Colorado didn’t win against No. 8 USC, falling 48-41 before a sellout crowd at Folsom Field that included celebrities from the sports and entertainment world. Led by quarterback Shedeur Sanders, the Buffaloes outscored the Trojans 27-14 in the second half and 14-0 in the fourth quarter, while outgaining coach Lincoln Riley’s offense 564-498.
Neither Deion nor Shedeur Sanders believes in moral victories — “I don’t know what that means,” Shedeur said — but Colorado’s strong second half against reigning Heisman Trophy winner Caleb Williams and the Trojans continued to reset expectations and optimism for a program that went 1-11 in 2022.
“Overall, I’m really proud,” Deion Sanders said. “Not only of the young men, [but] the coaches, the fan base, the student body. I’m truly proud of the way we represented Boulder today.”
After a 42-6 loss last week at Oregon, in which they were nearly shut out, the Buffaloes appeared headed for another reality check against a Pac-12 heavyweight. USC raced out to a 34-7 lead behind four touchdown passes from Williams, who finished with six and 403 yards. Colorado trailed 41-14 midway through the third quarter following the second touchdown reception by Brenden Rice, who started his career with the Buffaloes.
But Shedeur Sanders rallied his team with help from Omarion Miller, who set a Colorado freshman record with 196 receiving yards on nine receptions.
“We just had to lock in and understand, ‘Look, this is not going to be a recap of what happened last week. We just not going out like that,'” Shedeur Sanders said. “Whatever it takes. That was the whole motto this week.”
Shedeur Sanders corrected several reporters and provided the correct pronunciation of Miller’s name, adding, “Everybody, this is my man, Omarion! He went for a lot of yards today!” Sanders found Miller for a 9-yard touchdown through a tiny window on fourth-and-5 to bring Colorado within two touchdowns early in the fourth quarter.
Miller, an ESPN four-star recruit, had not recorded a reception in Colorado’s first four games but said he “dreamed about” a big performance against USC.
“I’ve got so much to prove, this is just one game,” Miller said. “Y’all ain’t seen nothing yet.”
Miller was one of several young players to emerge for Colorado, which played without three defensive backs who started the season — safety Myles Slusher, cornerback Travis Hunter and safety Shilo Sanders, who missed his first game with a kidney injury from the Oregon game. Freshman cornerback Cormani McClain, ESPN’s No. 14 overall recruit whose preparation Deion Sanders called out during the week, had a pass breakup in the end zone and helped cover up a botched PAT attempt by USC.
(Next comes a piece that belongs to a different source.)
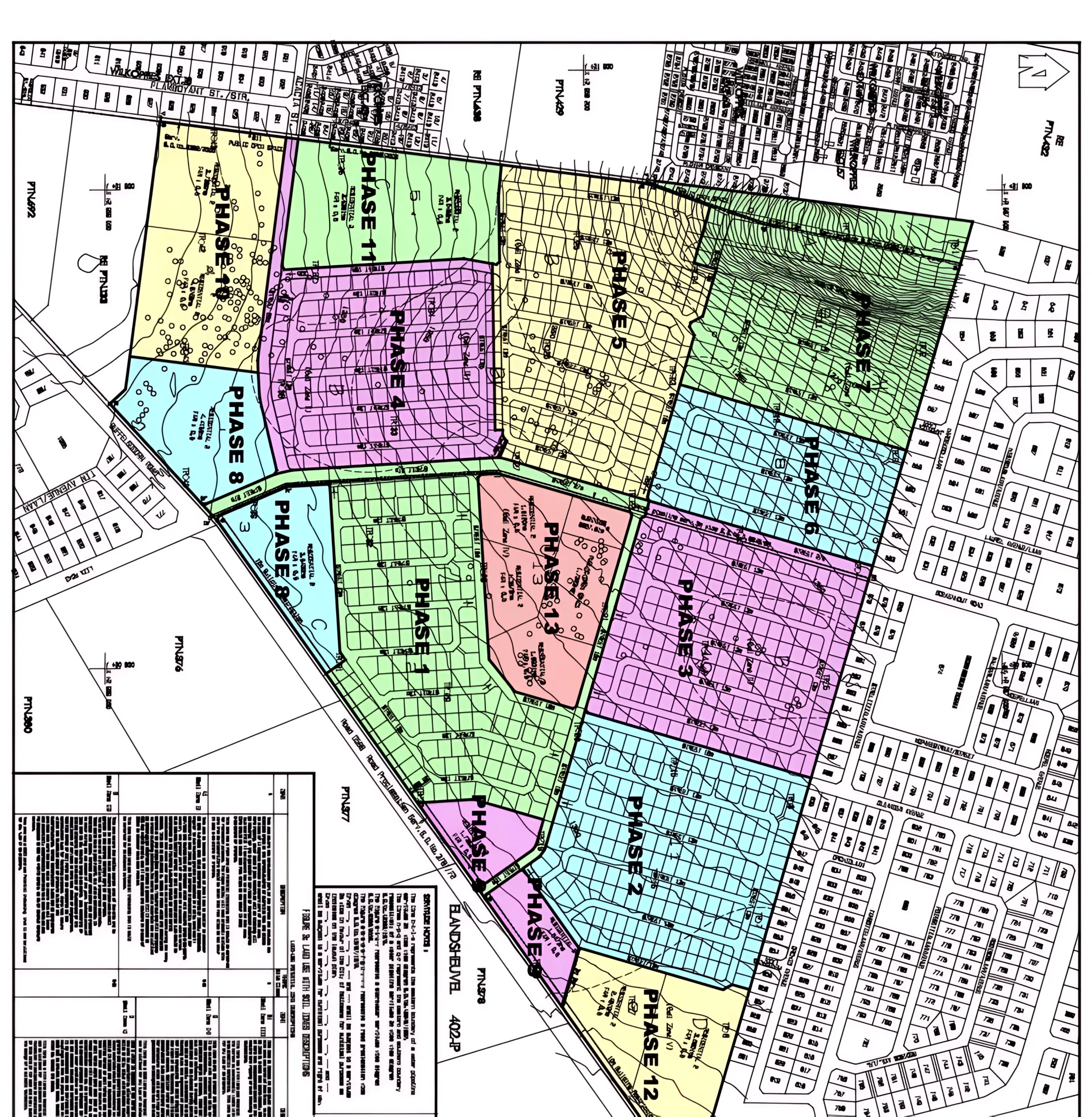 Master-planned community development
Deion Sanders said he wants McClain “to be that dude,” and added that both McClain and Miller “separated themselves from their yesterday,” which was “terrible.” He said both have now reset expectations for themselves going forward.
Shedeur Sanders, meanwhile, continued to raise the outlook after his fourth game of 348 pass yards or more and third with four touchdown passes. Deion Sanders, who nicknamed his son “Grown” because of his maturity, said he had no doubt Shedeur would have led Colorado for another touchdown if the Buffaloes had recovered an onside kick with 1 minute, 43 seconds left.
Deion Sanders called Shedeur “a baller” and “a now player.”
“He’s been built and reared for this his whole life,” Deion Sanders said. “The kid has always won, he’s always been dominant, he’s always been smart and intelligent and concise, he’s always been a competitor. … He’s always given us a chance to succeed in every level.
“I could go on and on, but I don’t want to sound like the dad. The kid can flat-out play.”
Asked about sharing a stage with Williams, Shedeur Sanders replied, “My stage is my stage.” His goal is for more complete games, as Colorado has been outscored 90-28 in the first halves of its past three games.
Deion Sanders said the team’s strong finish is important, but the team is still searching for its “true identity” after a 3-2 September in which Colorado became the biggest story in college football.
“If you can’t see what’s coming with CU football, you’ve lost your mind,” Sanders said. “You’re just a flat-out hater if you can’t see what’s going on and what’s going to transpire over the next several months. Something’s wrong with you.”